■ To do:
Every line from the one with "Shannon Sayler conducting" through the end of the entries below should be written out exactly; the pictures should not.

■ Entries provided:
--*--
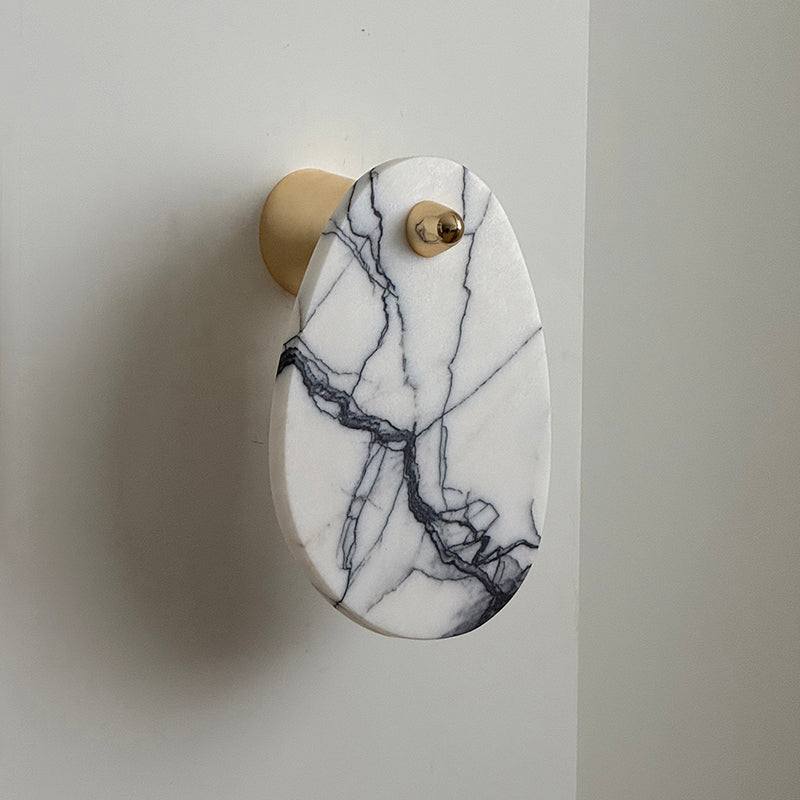 Norduvys Modern Luxurious Metal Marble Wall Lamp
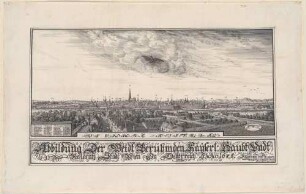 Stadtansicht von Wien (Kopie nach einem Kupferstich)
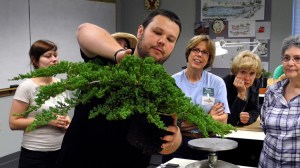 Shannon Sayler conducting a workshop at the Spring Show during Blooms Day on the UT Campus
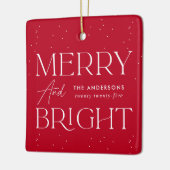 明モダンるい赤の写真 セラミックオーナメント (左)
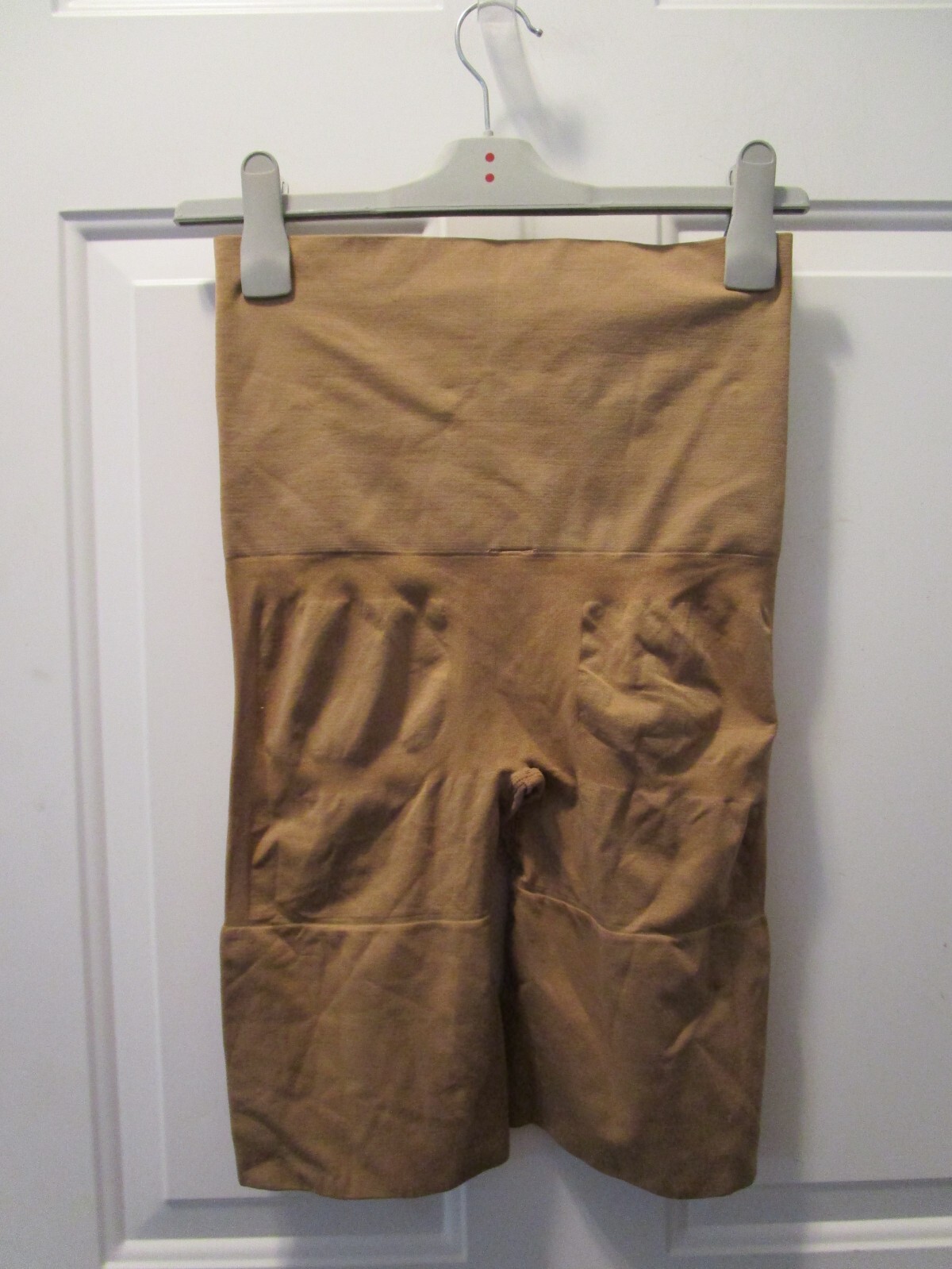 ASHLEY STEWART HIGH-WAISTED THIGH SHAPER SHORT IN MOCHA SIZE XL NEW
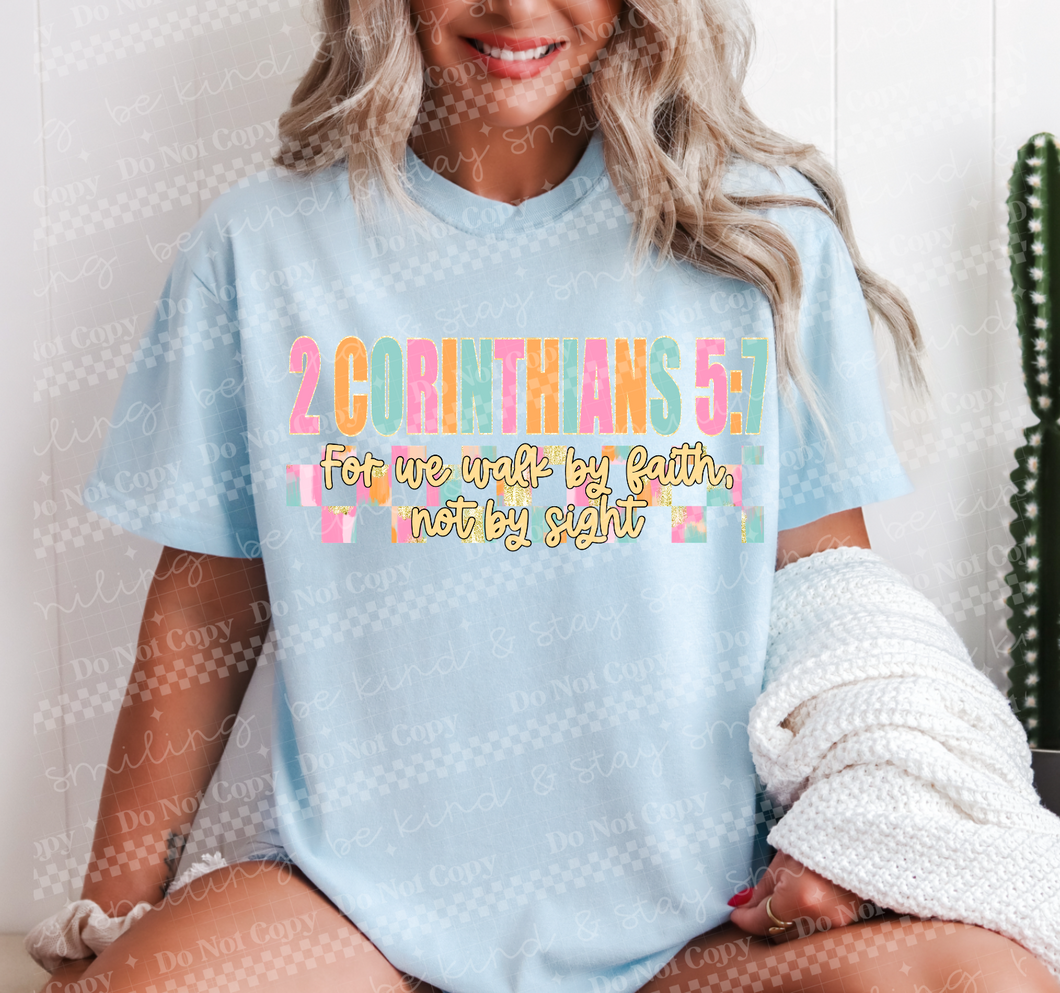 Bible Verse Checkers Spring Colors DROPDOWN TRANSFER CML MAR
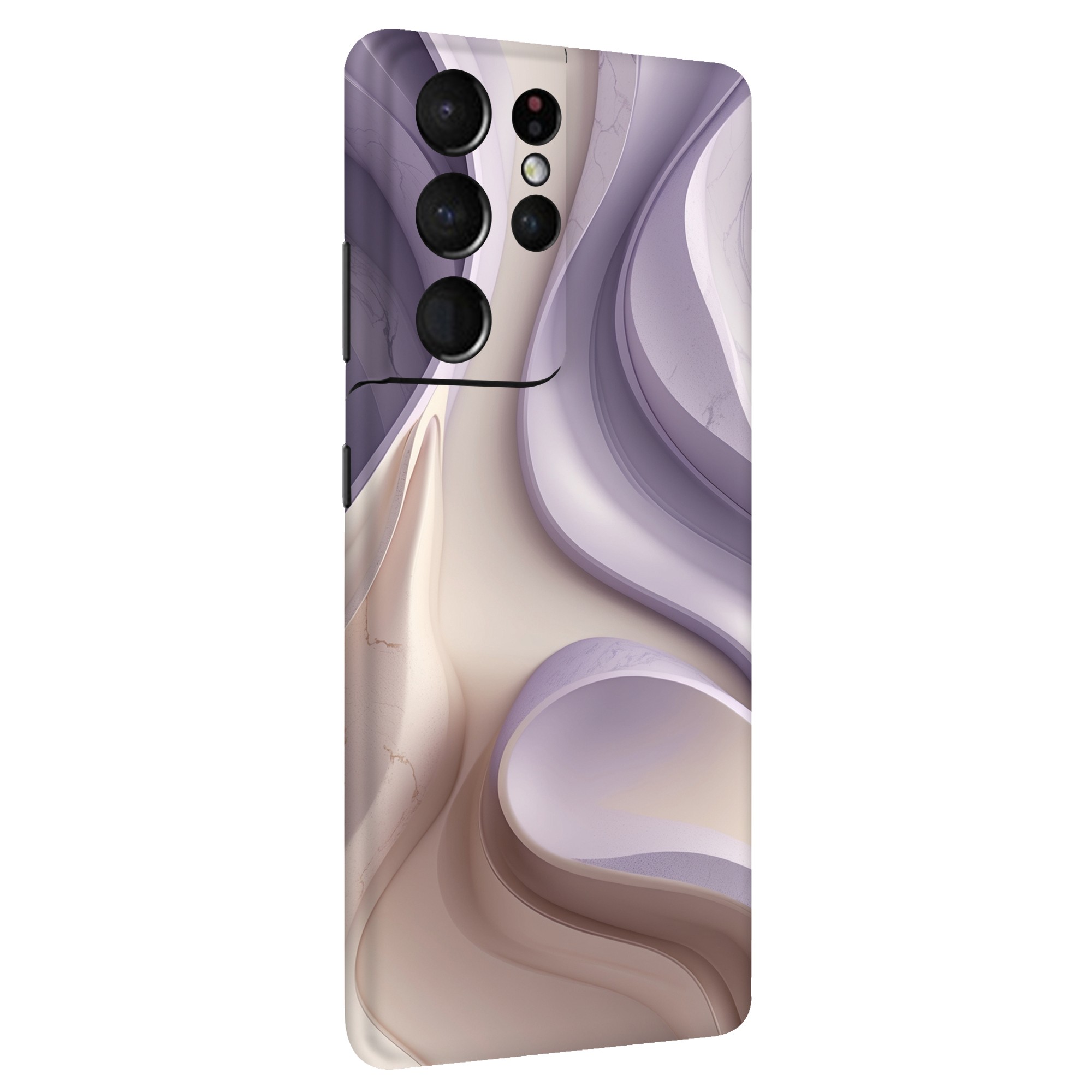 Samsung S21 Ultra Kaplama Lavanta Mermer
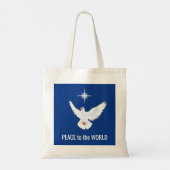 Tote Bag Colombe de la paix avec texte modifiable (Dos)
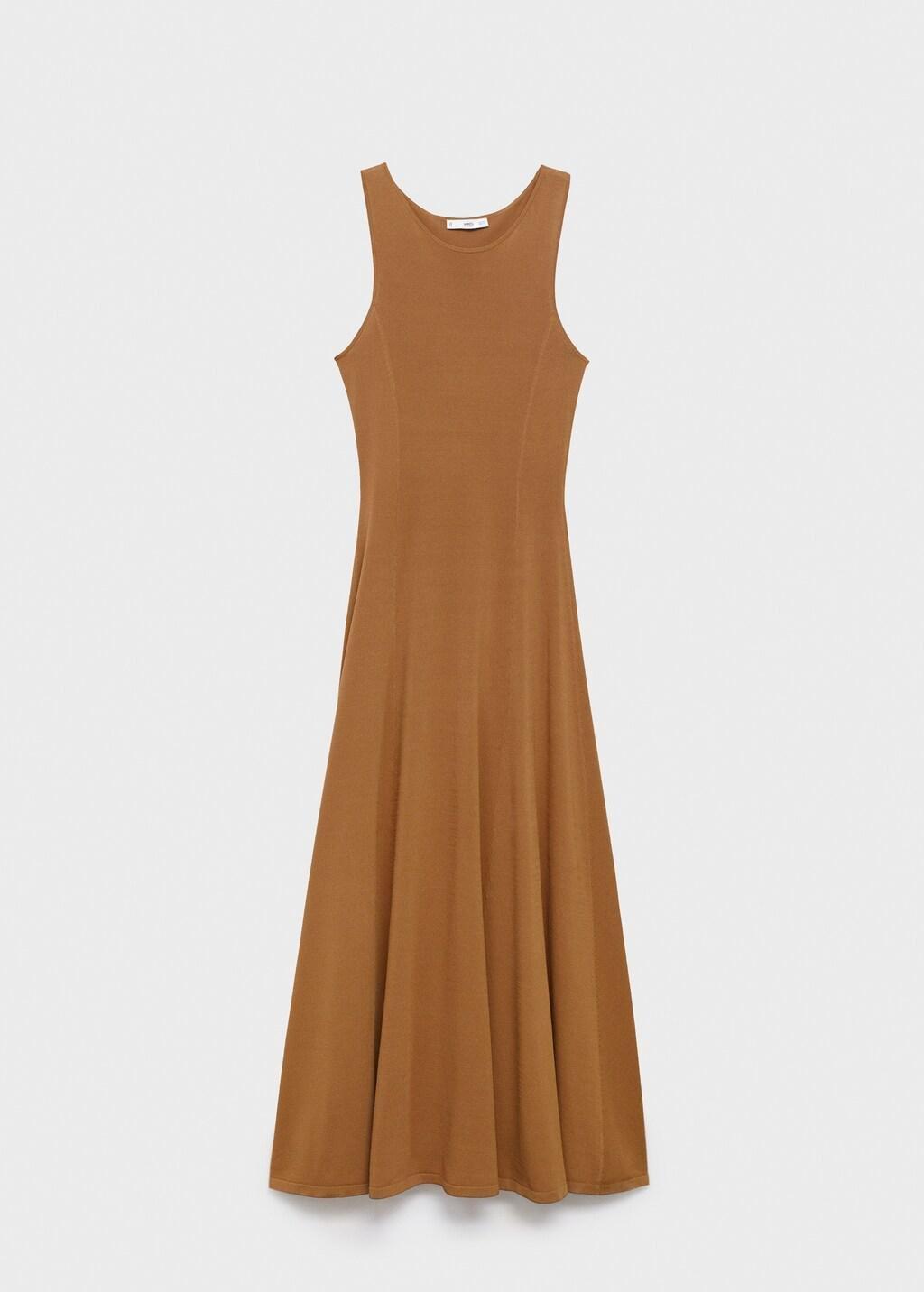 Brown Knit Long Dress, , large image number 13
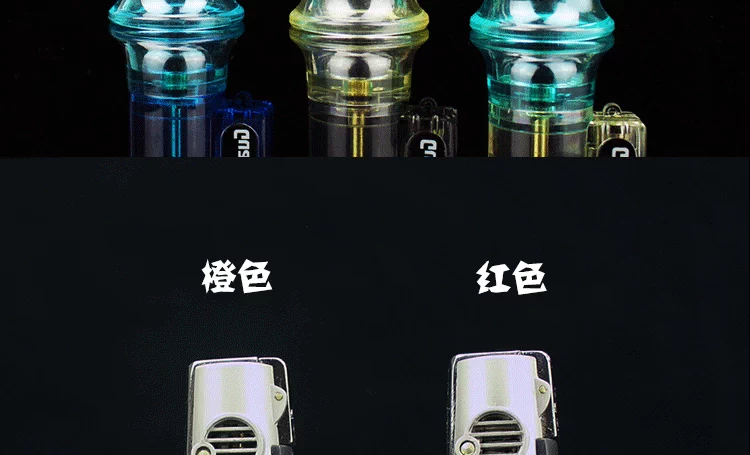 Đèn pin hàn cá tính nhẹ chính hãng Công suất quá khổ trong suốt cửa sổ không khí trong suốt bật lửa súng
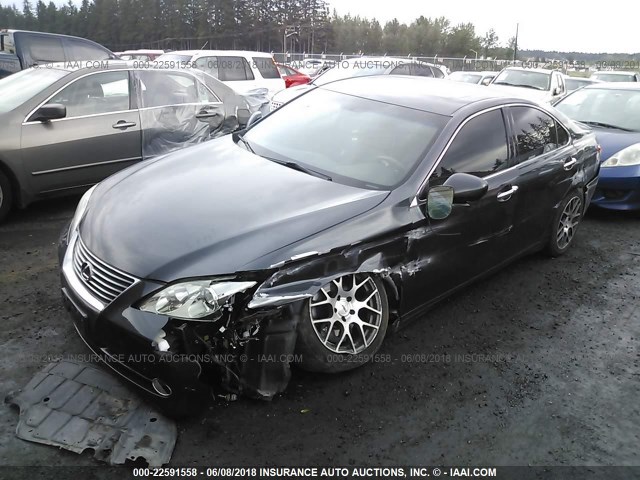 JTHBJ46G172143733 - 2007 LEXUS ES 350 GRAY photo 2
--*--
■ Solved exercise:
 Shannon Sayler conducting a workshop at the Spring Show during Blooms Day on the UT Campus
 明モダンるい赤の写真 セラミックオーナメント (左)
 ASHLEY STEWART HIGH-WAISTED THIGH SHAPER SHORT IN MOCHA SIZE XL NEW
 Bible Verse Checkers Spring Colors DROPDOWN TRANSFER CML MAR
 Samsung S21 Ultra Kaplama Lavanta Mermer
 Tote Bag Colombe de la paix avec texte modifiable (Dos)
 Brown Knit Long Dress, , large image number 13
 Đèn pin hàn cá tính nhẹ chính hãng Công suất quá khổ trong suốt cửa sổ không khí trong suốt bật lửa súng
 JTHBJ46G172143733 - 2007 LEXUS ES 350 GRAY photo 2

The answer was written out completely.